Considerations in the Use of High Spatial Resolution Imagery

ABSTRACT

With the advent of improvements in remote sensing technology, higher spatial and spectral resolution images have become more widely available for applications research purposes. New sensors are capable of sub-meter resolution and fine spectral resolution, opening the field to applications previously not considered with digital image data. Very high spatial (1-5m) and hyperspectral imagery bring with them, however, a whole new set of issues associated with the resolution of individual scene elements. Mapping activities in the Chesapeake Bay Watershed being conducted by the mid-Atlantic Regional Earth Science Applications Center (RESAC) have examined some of these issues and attempted to develop methods to compensate for them. We illustrate a specific research application, impervious surface mapping, and provide an overview for consideration by the potential user community, particularly resource managers within Local Government agencies.

INTRODUCTION

The advent of high spatial resolution imagery (1-5m resolution) has potentially important implications for a wide range of resource management issues, including Local Government planimetric maps, land cover assessments, transportation planning, growth management, and numerous other applications. A variety of managers are hoping to make use of these new image data sets, providing they can provide cost effective solutions to their needs which have traditionally been met with manual interpretation of aerial photography. There are, however a number of practical considerations in the use of high resolution digital imagery. Besides the training required for managers to work with digital data, image processing systems, and geographic information systems, high resolution imagery frequently requires substantial upgrades in computer processing power and data storage requirements. Provided these needs are met (they are less limiting as personal computers have attained the power of previous generation high-end workstations), there are a number of other considerations that come with the powerful advantages conveyed by high resolution imagery.

The objective of this paper is to provide a brief overview of some user considerations associated with the use of this new source of geospatial information. We provide a specific case study using a variety of high spatial resolution image data for impervious surface area estimation, and include high spectral resolution imagery for an additional dimension with potential utility to similar applications.

ADVANCES IN LAND SURFACE MAPPING PERMITTED BY HIGH RESOLUTION IMAGERY

Fine scale mapping of many features and complex landscape mosaics, including suburban development and coastal zones, have become possible with improved image data and associated geospatial technologies.
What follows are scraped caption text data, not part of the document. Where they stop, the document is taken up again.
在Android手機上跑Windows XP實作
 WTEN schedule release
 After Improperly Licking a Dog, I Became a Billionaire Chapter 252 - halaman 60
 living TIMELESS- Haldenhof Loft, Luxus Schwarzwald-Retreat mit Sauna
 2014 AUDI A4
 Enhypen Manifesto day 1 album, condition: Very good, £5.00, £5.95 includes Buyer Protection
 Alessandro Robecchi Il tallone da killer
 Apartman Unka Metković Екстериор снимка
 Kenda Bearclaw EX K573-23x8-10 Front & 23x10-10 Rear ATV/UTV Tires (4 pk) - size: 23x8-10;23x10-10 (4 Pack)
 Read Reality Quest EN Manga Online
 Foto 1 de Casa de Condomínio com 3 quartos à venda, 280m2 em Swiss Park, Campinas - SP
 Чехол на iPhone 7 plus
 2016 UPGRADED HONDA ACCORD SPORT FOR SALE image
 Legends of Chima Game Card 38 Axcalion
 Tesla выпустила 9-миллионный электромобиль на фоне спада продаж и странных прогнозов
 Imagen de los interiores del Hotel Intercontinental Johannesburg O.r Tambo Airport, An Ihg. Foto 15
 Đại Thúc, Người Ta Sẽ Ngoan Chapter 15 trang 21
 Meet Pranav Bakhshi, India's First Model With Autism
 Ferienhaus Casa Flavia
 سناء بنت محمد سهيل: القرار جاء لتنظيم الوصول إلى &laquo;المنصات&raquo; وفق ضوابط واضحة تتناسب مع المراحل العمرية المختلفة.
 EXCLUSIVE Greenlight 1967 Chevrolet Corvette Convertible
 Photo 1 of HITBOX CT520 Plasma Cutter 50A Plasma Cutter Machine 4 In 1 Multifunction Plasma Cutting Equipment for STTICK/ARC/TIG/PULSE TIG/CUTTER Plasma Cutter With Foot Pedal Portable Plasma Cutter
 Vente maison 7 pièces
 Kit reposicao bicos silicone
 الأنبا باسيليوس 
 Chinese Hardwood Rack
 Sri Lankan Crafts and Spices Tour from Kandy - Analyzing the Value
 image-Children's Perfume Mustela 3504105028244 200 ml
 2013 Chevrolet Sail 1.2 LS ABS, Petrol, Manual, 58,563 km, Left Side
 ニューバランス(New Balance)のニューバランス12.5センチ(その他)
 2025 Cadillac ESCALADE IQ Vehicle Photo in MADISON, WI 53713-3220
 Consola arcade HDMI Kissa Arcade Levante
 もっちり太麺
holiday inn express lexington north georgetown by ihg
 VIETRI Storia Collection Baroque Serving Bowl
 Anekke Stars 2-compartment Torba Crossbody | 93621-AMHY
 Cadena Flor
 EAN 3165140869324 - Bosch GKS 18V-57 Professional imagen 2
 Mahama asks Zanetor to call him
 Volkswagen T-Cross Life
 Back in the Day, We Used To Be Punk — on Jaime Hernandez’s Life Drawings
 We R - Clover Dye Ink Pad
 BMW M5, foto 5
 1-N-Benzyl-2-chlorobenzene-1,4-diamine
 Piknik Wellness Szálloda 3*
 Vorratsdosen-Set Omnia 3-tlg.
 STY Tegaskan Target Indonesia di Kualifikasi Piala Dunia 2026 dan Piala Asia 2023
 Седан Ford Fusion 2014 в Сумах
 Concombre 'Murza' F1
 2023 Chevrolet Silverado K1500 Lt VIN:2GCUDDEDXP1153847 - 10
Suggestions and uses for high resolution airborne and satellite imagery have ranged from the extraction of soil conditions to measurement of agricultural forest buffer zones, extraction of geographic information system (GIS) data for new road systems, and mapping of newly developed impervious surfaces. High-resolution imagery also carries another significant advantage: textural identification of ground features. Whereas previous coarse resolution images are difficult to use without a-priori knowledge of ground features, the increased textural information available in finer resolution imagery allows for improved interpretation based on the shape and texture of ground features. For example, buildings become identifiable features represented in multiple image elements (pixels), rather than in a single pixel. Sparsely vegetated fields appear as identifiable exposed soil parcels with traces of vegetation throughout, rather than as a complex mixture of spectral signatures. As a result, methods previously utilized on panchromatic air photos for feature delineation purposes can be applied to digital imagery to supplement, for example, spectral land cover and land use type classifications.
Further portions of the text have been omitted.